Ein ‚Mörike-Buch’ besonderer Art
Als Kind schon entzückten Eduard Mörike die Windharfenklänge im Ludwigsburger Schlossgarten, zwei Jahrzehnte später hat er sie zu einem magischen Schlüssel- und Leitmotiv im Künstlerroman „Maler Nolten“ erkoren; mit 32 schreibt Mörike das Meistergedicht "An eine Äolsharfe", und ein ‚großer Harfenton’ wird ihm an seinem 70. Geburtstag bedeuten, dass es sein letzter sei.

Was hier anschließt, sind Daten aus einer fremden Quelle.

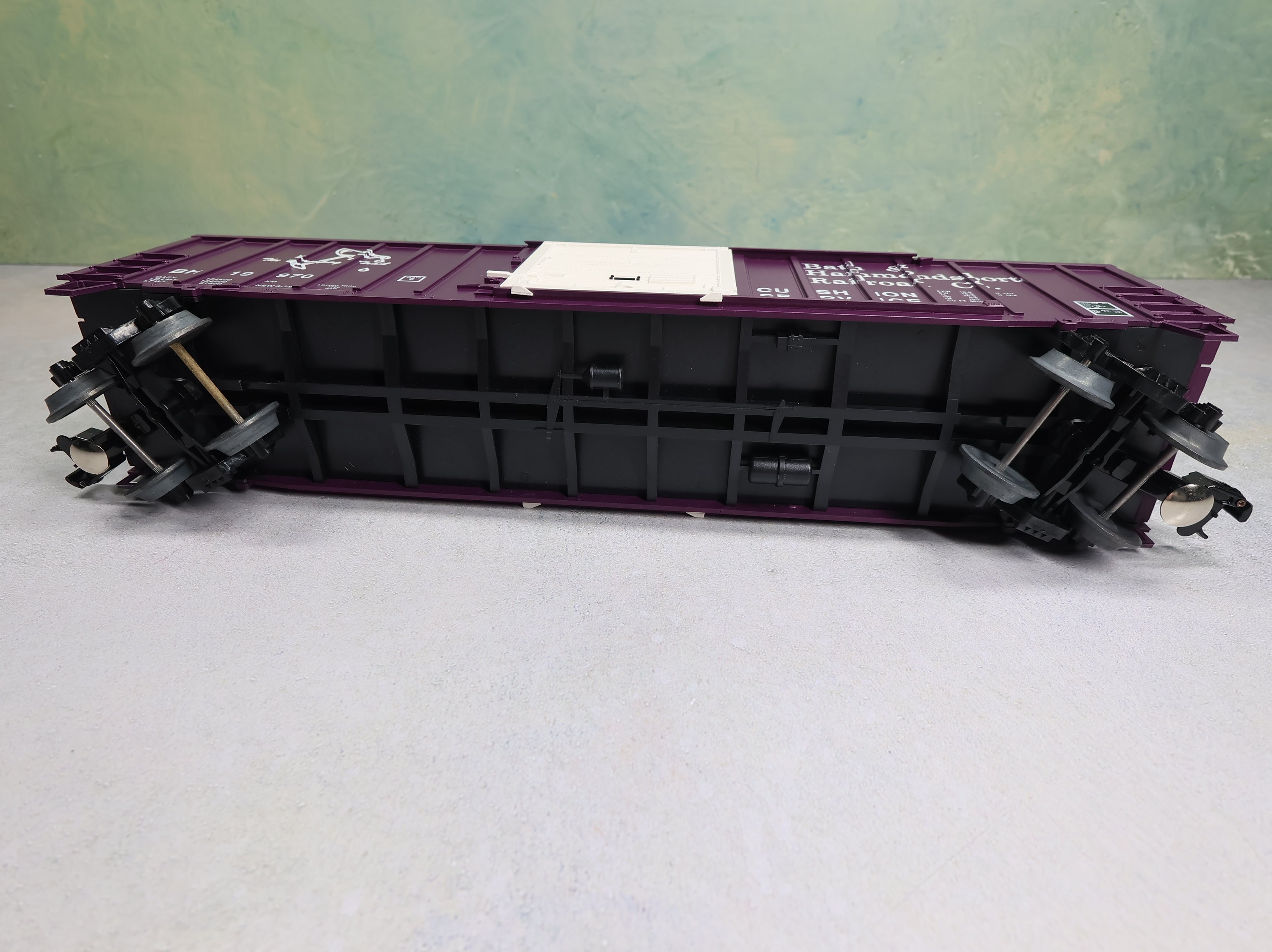 USED Weaver O 50' Ribbed-Side Box Car Bath & Hammondsport BH #19970 Champagne Trail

In einem Dutzend Werk- und Briefstellen bildet das berückende Klingen des windgespielten Instrumentes eine empfindsam-symbolische Begleitmusik zu Eduard Mörikes Leben; und genau sieben Komponisten haben die anspruchsvolle Huldigung "An eine Äolsharfe" später in Musik ‚übersetzt’, unter ihnen Johannes Brahms, Hugo Wolf, Hans Werner Henze.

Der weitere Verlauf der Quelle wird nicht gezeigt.